Scout Association says it has paid £500,000 to abuse victims over the past two years

The charity says that since 2012 there have been 36 civil actions relating to child abuse carried out by volunteers

Scout Association: statement on website
Scout Association: statement on website

The Scout Association has paid out about £500,000 in compensation over the past two years to the victims of abuse carried out by its volunteers, according to a statement on its website.

Made in response to a BBC News story about child safeguarding issues in the scout movement, the statement carries an apology from the association "to all those who have been abused during their time in scouting".

However, the charity disputes some figures in the BBC report, which said that more than 50 people had instructed solicitors about making historical abuse claims and that the association and individual scoutmasters had paid out almost £900,000 in damages.

The Scout Association statement says that, since October 2012, the charity has "paid about £500,000 in compensation to victims of abuse". Since the movement started in 1907, it says, 48 civil actions relating to child abuse have been taken against the association; 36 of these have been instigated since October 2012. All 36 "relate to historic cases", the statement says.

The statement says that since 2012 – the year in which the sexual abuse committed by the broadcaster Jimmy Savile came to light and the sex abuse investigation Operation Yewtree was opened – it and many other charities have "experienced an increase in reported historic cases".

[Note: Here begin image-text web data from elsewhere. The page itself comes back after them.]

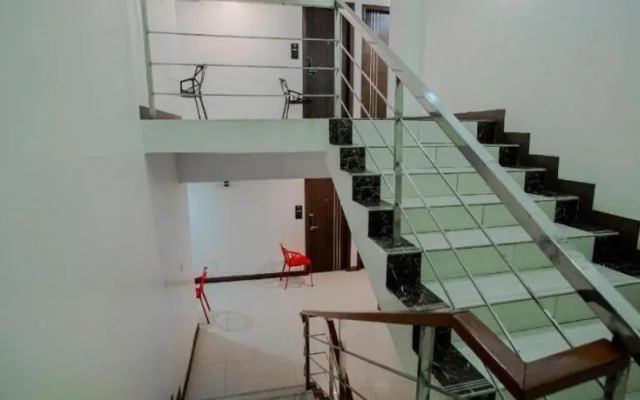 RedDoorz Plus near SM Fairview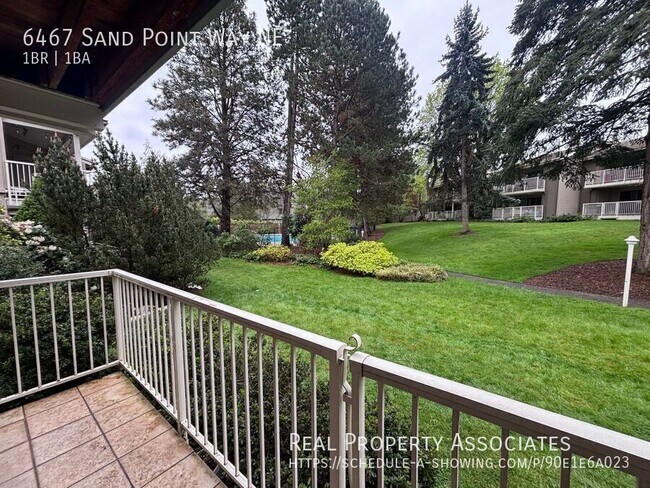 Foto del edificio - 6467 Sand Point Way NE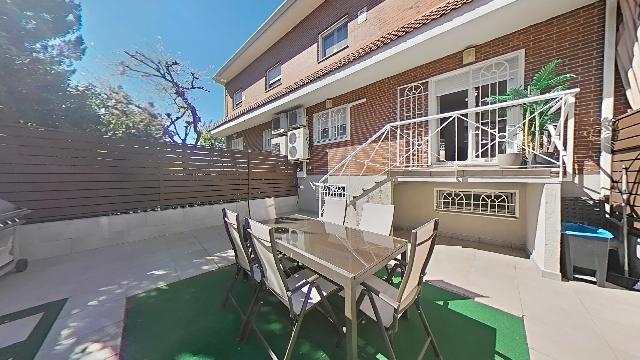 Imagen 32 Inmueble 302046 - Casa Adosada en venta en Alcorcón / Chalet en zona de las retamas para entrar a vivir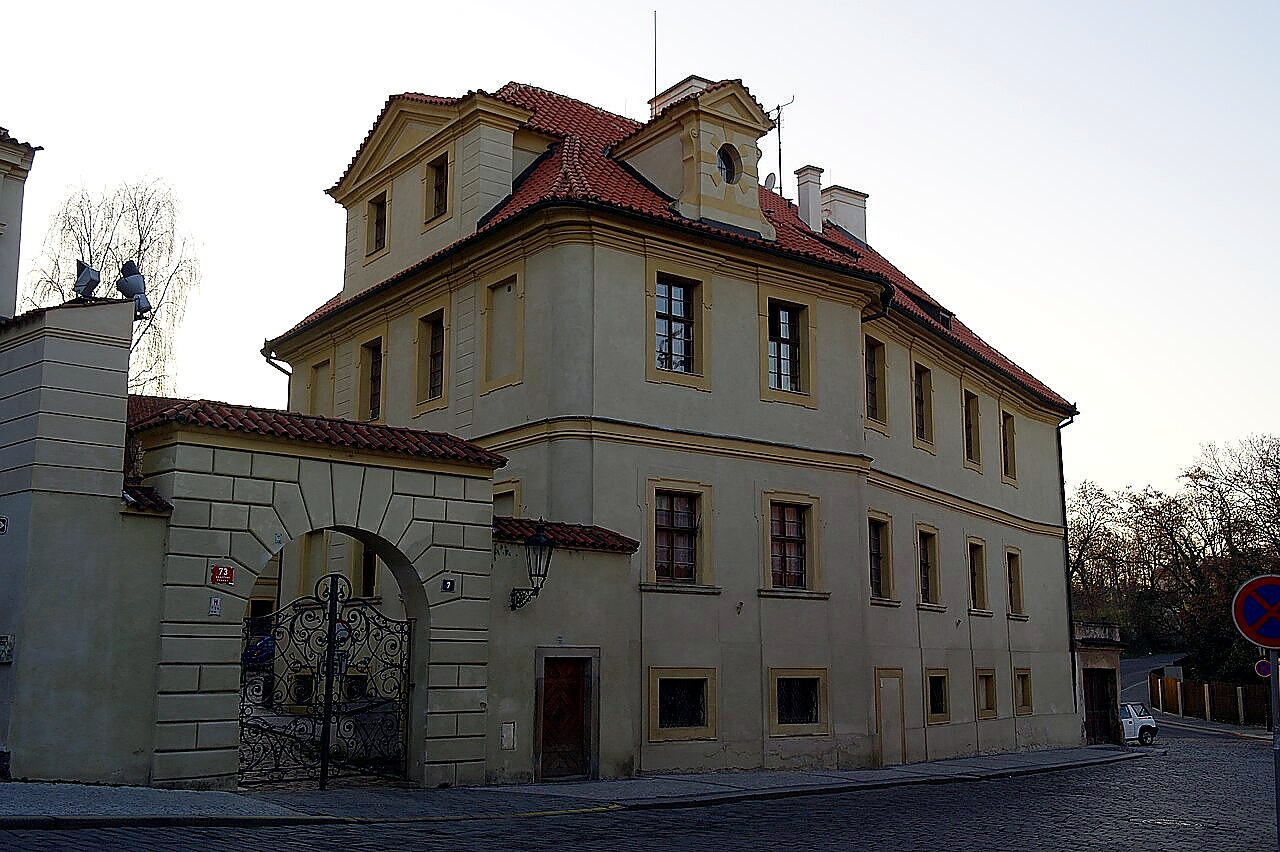 
<span>Císařský špitál svatého Antonína a svaté Alžběty</span>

"In appropriate circumstances, we want to ensure victims of abuse receive compensation in a timely manner," the statement says. "This is the right thing to do. We have never used gagging orders to silence those who have been abused."

The charity says that it has operated a safeguarding process for many years, and this was reviewed by the NSPCC in 2008. Another internal review of its membership files began earlier this year, it says.

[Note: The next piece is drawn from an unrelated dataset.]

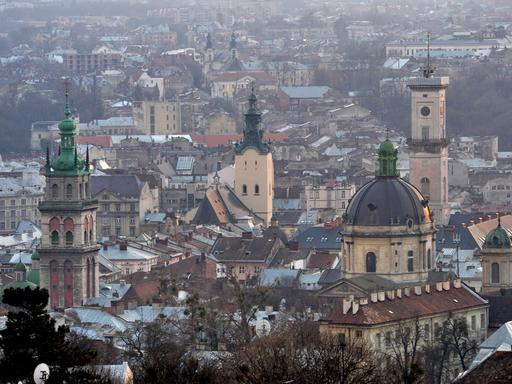 Blick auf die Stadt Lviv, ehemals Lemberg, im Westen der Ukraine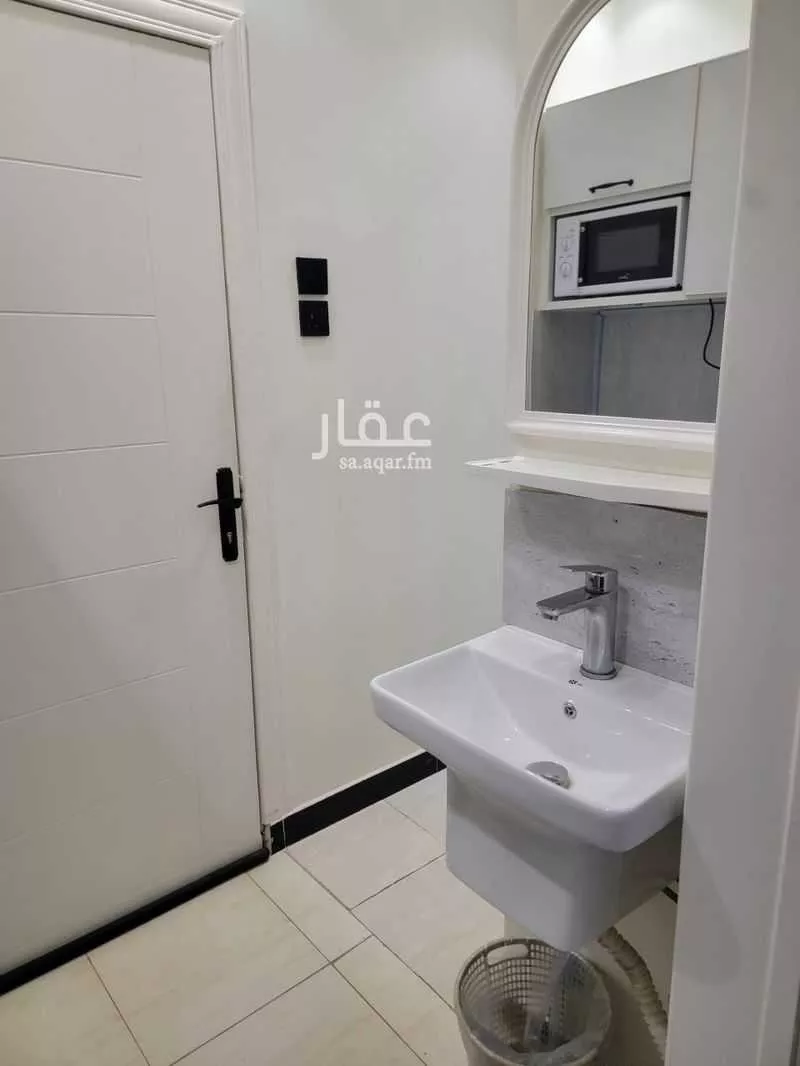 شقة 1 غرف في العزيزية 3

The statement says: "The safety and support of young people in scouting is our number one priority. Any abuse of young people is abhorrent and we are deeply sorry for anybody hurt by the actions of abusers. We strive to ensure these abuses do not take place."

The compensation does not appear to be mentioned explicitly in the association’s annual report for the year ending March 2013. A spokesman for the association said he was not aware of it being mentioned explicitly.

The charity had an income of £28.8m, 500,000 youth members and 150,000 adult volunteers in 2012/13.